Con toda la expectativa en la retina, y el sol cayendo de a poco por la 226, comenzó el partido. Los primeros minutos fueron un poco desconcertantes, ya que reinaron las imprecisiones y el reacomodamiento de los jugadores, que empezaban a darse cuenta de cuál sería su rol en el desarrollo del juego. Luego de eso, la cancha pareció venirse encima de mi abuelo y de mí. El equipo más joven, sin distintivo, hizo pesar su potencia física, y mi tío junto a sus Aqueos - encanecidos y con barrigas poco esculpidas- empezaron a sufrir el asedio. Los jóvenes delanteros dejaron pronto las sutilezas y comenzaron a cascotear el arco adversario de manera salvaje. Los disparos se multiplicaban como piedrazos o lanzas mortales, con la violencia del que quiere dejar en claro que la diferencia es indisimulable. Entre tanto cañonazo me fue imposible distinguir a mi tío, que deambulaba perdido en el mar como Ulises, sin encontrar la pelota, al igual que sus compañeros de camiseta blanca. El marcador se rompió, y en pocos minutos la diferencia se transformó en una goleada despareja. Mi abuelo y yo solamente asistíamos al arquero de los veteranos alcanzándole la pelota, porque como ya comenté, el arco no tenía red. Y como tampoco había árbitro, hicimos lo posible por poner en duda cada gol de los rivales de mi tío.

-          ¡No hombre, no! ¡Salió afuera! ¡Eso no fue gol!

Los gritos desesperados eran de mi abuelo, que intentaba que la diferencia en el marcador no sea más deshonrosa.

-          ¡Callate viejo choto, fue un golazo! ¿Por qué no entrás a jugar en vez de hablar al pedo?

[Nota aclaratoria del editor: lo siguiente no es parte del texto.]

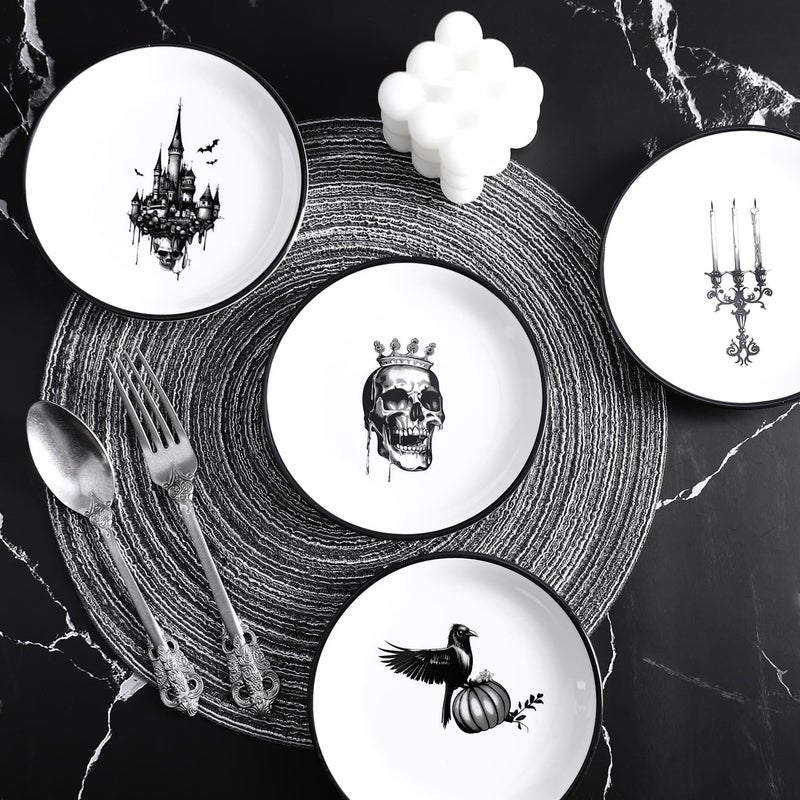 Bicuzat Halloween Pattern Ceramic Seasoning Dishes Sauce Dish Sushi Dipping Bowl Appetizer Plates Tea Bag Holder Serving Dish for Kitchen Decoration for Halloween 5 Inch 4 PCS Set  - Image 5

La respuesta era del delantero del equipo sin distintivo, que claramente había visto pasar su remate por debajo del travesaño, ante la inútil reacción del arquero.

-          Te pintaría la cara, pero no puedo dejar al nene solo, ¡cabeza de dado!

Mi abuelo sabía que era imposible hacer nada al respecto para dar vuelta el partido, mucho menos sumar un veterano más en el equipo en clara desventaja, y por eso me usó de excusa. Yo estaba petrificado por lo que le pudieran hacer a mi abuelo, porque el insulto había sido un exceso de esos que se pueden pagar caro. Y acá va la aclaración: lo de “cabeza de dado” era en referencia a que el delantero del equipo más joven no era bueno para cabecear. Mi abuelo, entre otras cosas, tenía talento para detectar las debilidades del rival y ponerlas en palabras que hieran, motivo por el cual era común que terminara a las trompadas. Esa no fue la excepción. Afortunadamente, los mismos jugadores frenaron al delantero agraviado y pudimos llegar al descanso del primer tiempo más o menos en paz. El resultado parcial, un lapidario e irremontable 0 – 4. Mi tío se vino a charlar con nosotros, antes de volver con su equipo a intentar levantarle la moral. La imagen fue desgarradora, pero inmortal. Iba caminando literalmente desarmado, con una mandarina en cada mano, pero haciendo un gesto que es el que no voy a olvidar jamás: una suerte de empuje, remada hacia adelante, acompañado de una explicación que dirigió a mi abuelo:

-          Sabés lo que pasa viejo, falta alguien que empuje.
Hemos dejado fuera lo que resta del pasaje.